Physical Science:

A telescope is an instrument used to study celestial objects such as stars, planets, galaxies, and nebulae. It works by collecting light that is coming from the distant objects. The telescope mainly consists of a lens or a mirror to collect light, and an eyepiece or a camera to view the image. There are several types of telescopes used in astronomy, such as refracting telescopes [Figure 13.1.1.(a), reflecting telescopes [Figure 13.1.1.(b)], and compound telescopes that combine both. Beside these there are also other kinds of telescope available based on what kind of electromagnetic wave is being gathered. Such as Radio telescopes: Radio telescopes [Figure 13.1.1.(c)] use radio waves to observe celestial objects. They have large dish-shaped antennas to collect radio waves and a receiver to converts the waves into electrical signals which can be analyzed. Radio telescopes are used to study radio emissions from galaxies, quasars, pulsars, and other objects. X-ray telescopes: X-ray telescopes use mirrors to focus and reflect X-rays to create an image. They are typically mounted on satellites to avoid absorption by the Earth’s atmosphere. X-ray telescopes are used to study X-ray emissions from hot gas in galaxy clusters, supernova remnants, and other objects.

A spectrometer is an instrument used to measure the spectrum of light [Figure 7.1.6] emitted by celestial objects. It breaks down the light into its constituent colors (or wavelengths), giving the information of the chemical composition, temperature, and other physical properties of the object. Spectrometers can also be used to study the motion of celestial objects, as the Doppler shift of the spectral lines can provide information about the object’s velocity. Several types of spectrometers such as optical, infrared, ultraviolet, and X-ray spectrometers are being used in astronomy. Spectrometers have helped astronomers discover new elements and compounds in stars and galaxies. It has provided evidence for the Big Bang theory and other fundamental concepts in astrophysics.

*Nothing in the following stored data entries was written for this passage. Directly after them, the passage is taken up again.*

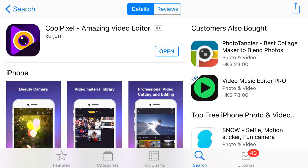So just hit the link in the description below, and it's the Cool Pixel app right here. Now it's a cool pixel, amazing video editor, but it is a video editor that also has a screen recording option inside of it.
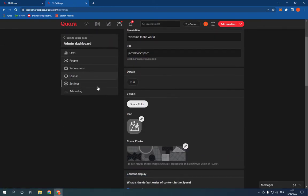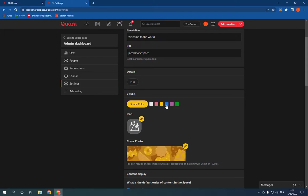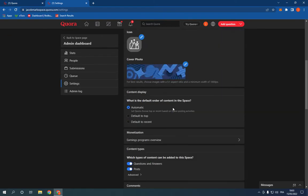Scroll down, you will find space color. So click on it, now choose the color that you want easily and fast.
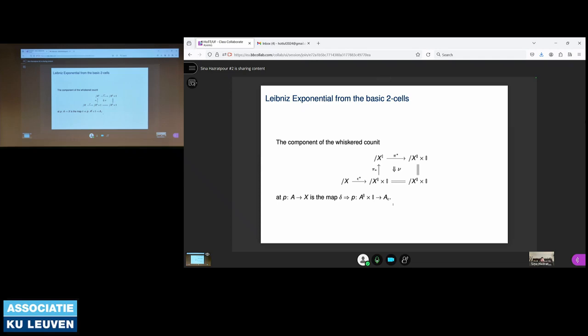The main construction used in our axioms and later constructions is the Leibniz exponential. The question is how to express this Leibniz exponential as whiskering of two-cells. It turns out that the Leibniz exponential is exactly the whiskering of epsilon* — where epsilon is the evaluation — and we whisk that with the two-cell nu. This exactly constructs the Leibniz exponential at each component A.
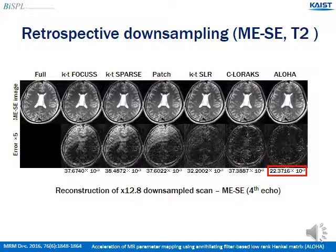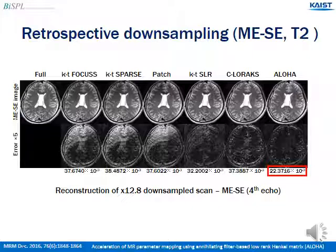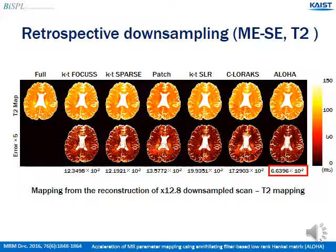Here are the reconstruction results from 12.8 times retrospectively downsampled T2 mapping data. Here also ALOHA outperforms the others. These are the T2 mapping results, and as you can see, ALOHA shows minimum errors compared to the other compressed sensing algorithms.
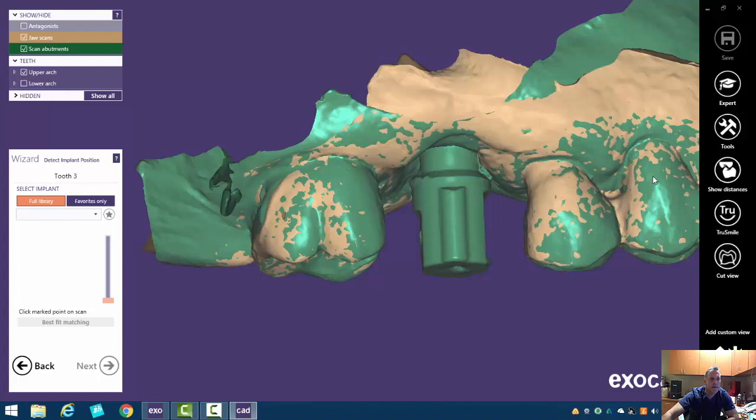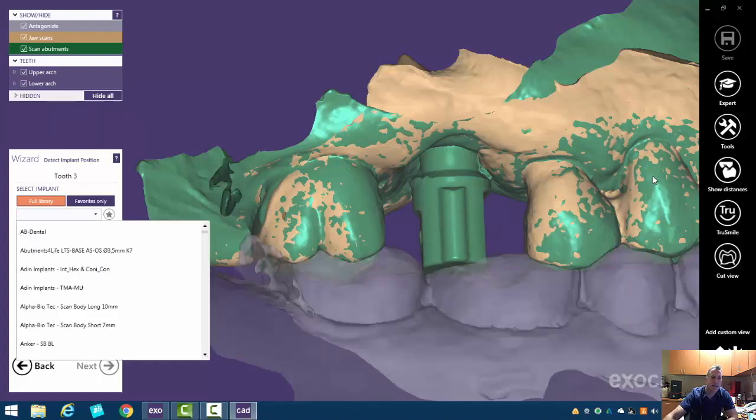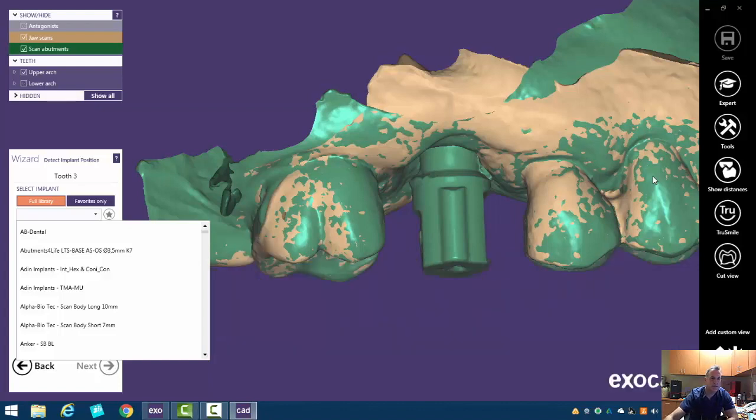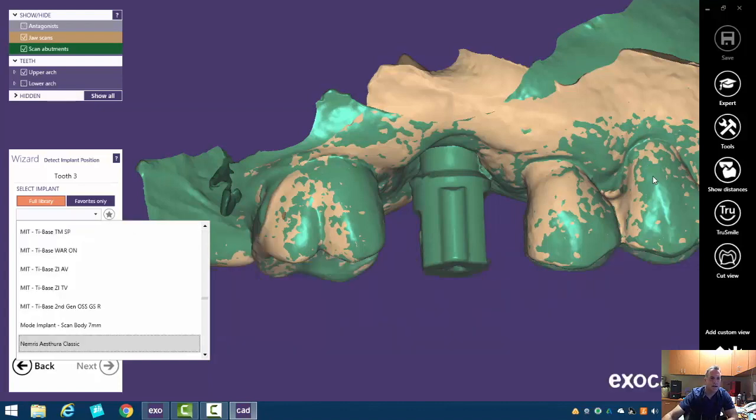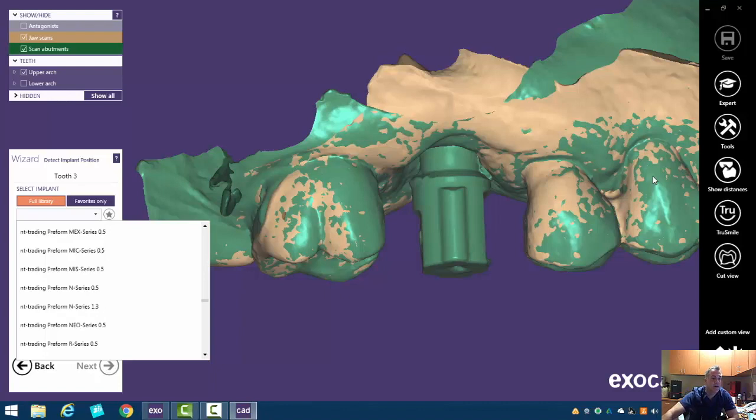So when we click on this, it takes a little while to load up. I'm going to hit N to put us towards NT Trading. This is a Zimmer compatible one. Don't ask me why, but it's called the R series.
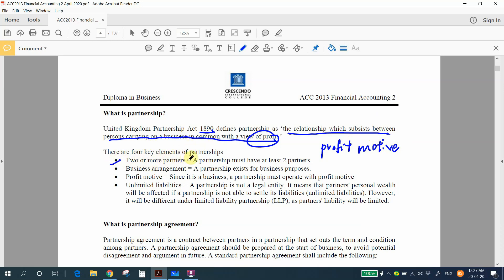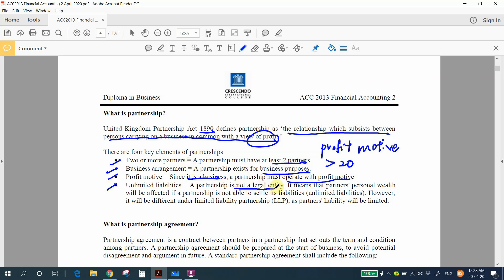The first element: two or more partners. A partnership must have at least two partners and the maximum is 20. Next, business arrangement — the partnership exists for business purposes with a profit motive; if you want to do charity you cannot form a partnership. Next, profit motive — since it is a business, a partnership must operate with profit motive. Next, unlimited liability — a partnership is not a legal entity, meaning a partner's personal wealth will be affected if the partnership cannot settle its liabilities.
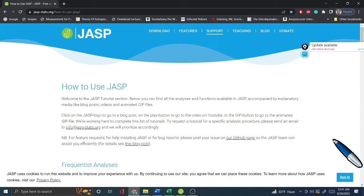Welcome to my channel, Dr. Munshi Nasir. In this video, I'm going to discuss how you can design a questionnaire, use the data in an Excel file, and then use the wonderful free software called JASP to analyze your survey data.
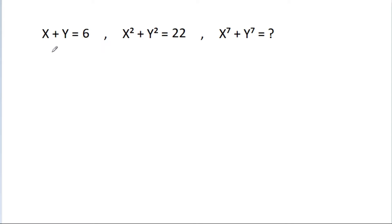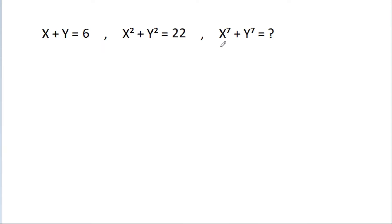In this video, we have given that x plus y is equal to 6 and x squared plus y squared is equal to 22, then x power 7 plus y power 7 is equal to what?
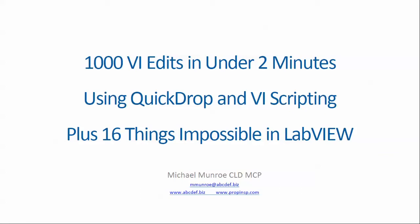This is Michael Munro from Abledee, a Complete Development Engineering firm. I'm a CLD and I've been using LabVIEW for over 20 years. Today I'm going to demonstrate how to use a LabVIEW add-on and simple scripts to perform over a thousand VI edits in under two minutes.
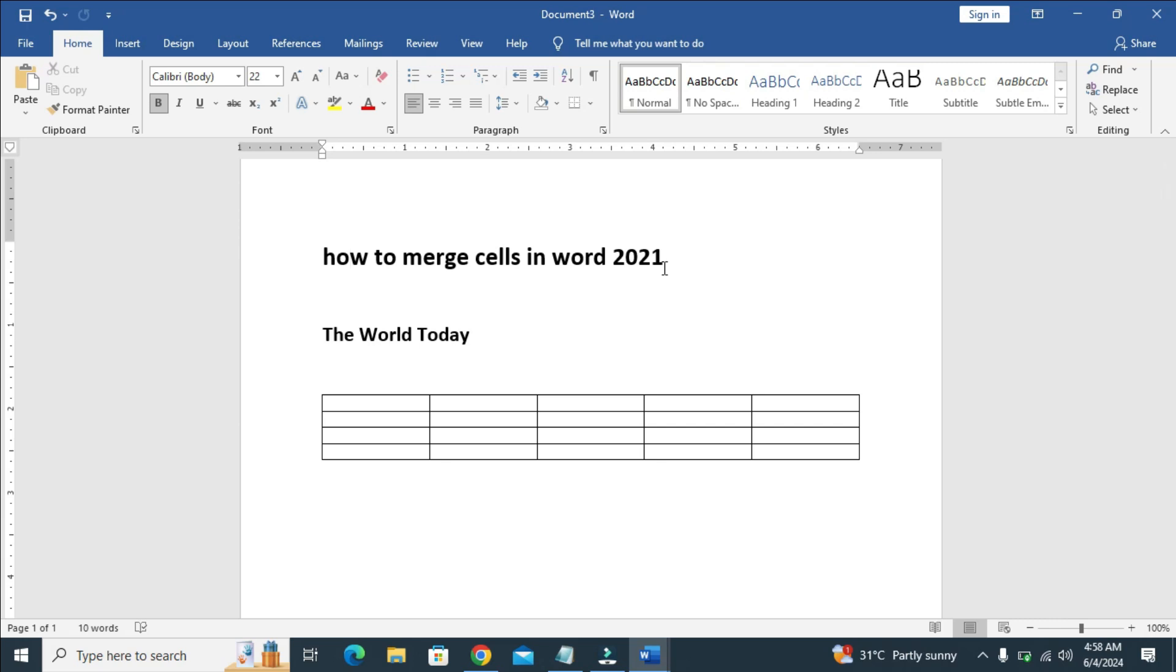To do this, what you have to do is open your Microsoft Word document. You can then add your table.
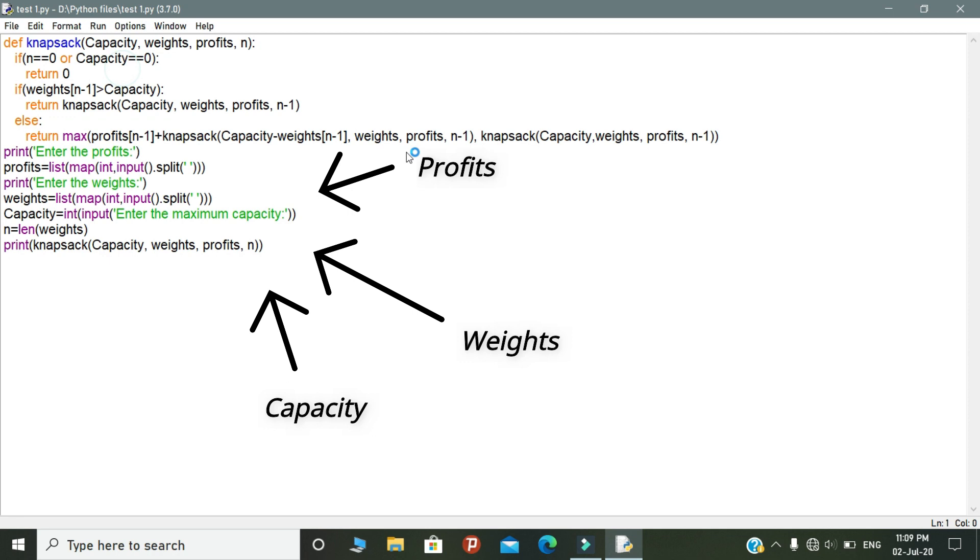And the next step is, we created a variable called profits. In the profit variable, we need to give the values to the products that are available in the store. After that, we created a variable called weights. The weight variable represents the weight of each product that is available in the store. And finally, we declared a variable called capacity. The capacity variable represents the capacity of the thief's bag. And n variable is the number of products that are available in the store.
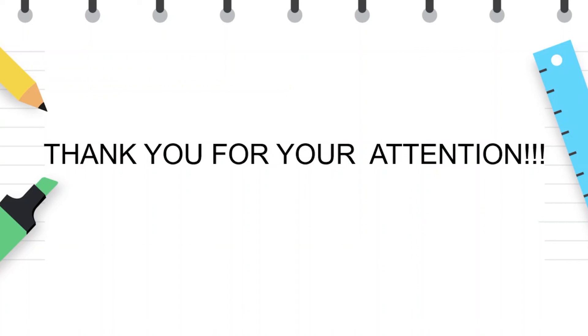That was all for today. Thank you for your attention.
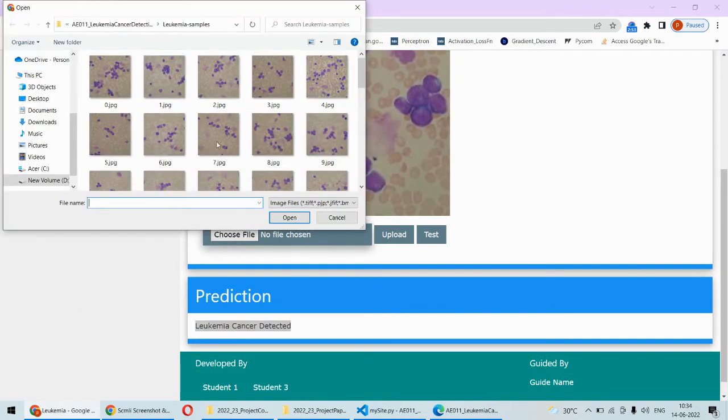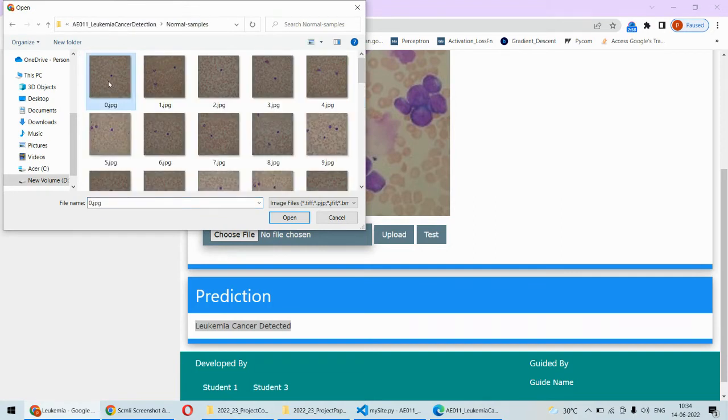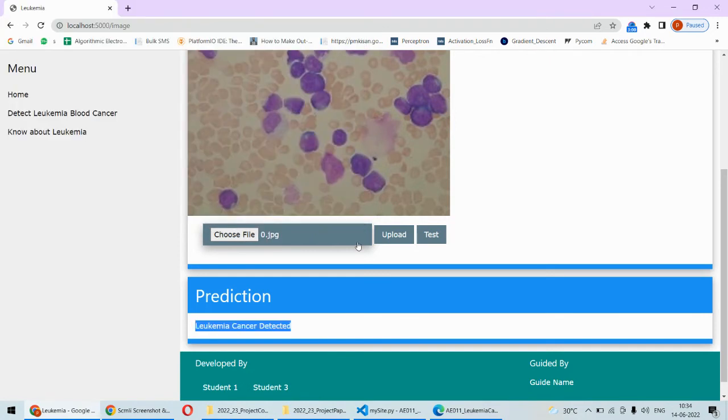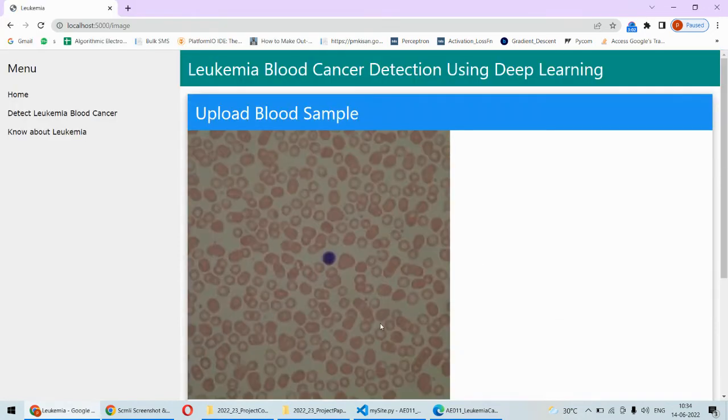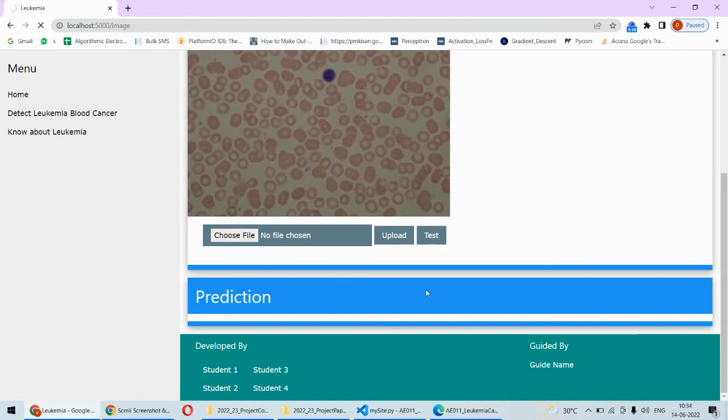For another image, we will check it out from the normal samples, and then this is the normal image. If we upload that image, it will appear here, and then if I click on test, we will be getting the results as a normal or non-cancerous blood sample.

Blackbody radiation Subsection 7.1.1 is an electromagnetic radiation emitted by an object that absorbs all the radiations incident upon it, and then emits radiation of all kind in thermal equilibrium. The spectrum of blackbody radiation depends only on the temperature of the object [Figure 7.1.2], but not on its composition or other properties. The spectrum of blackbody radiation can be described by Planck’s law, which relates the energy density of radiation at a given wavelength to the temperature of the emitting object. As the temperature increases, the peak wavelength of the spectrum shifts to shorter wavelengths, and the total amount of radiation emitted increases. By analyzing the spectrum of an object, astronomers can determine its composition, temperature, and other physical properties. When a star emits light, it produces a continuous spectrum of blackbody radiation that is modified by absorption lines caused by the presence of specific chemical elements in the star’s atmosphere.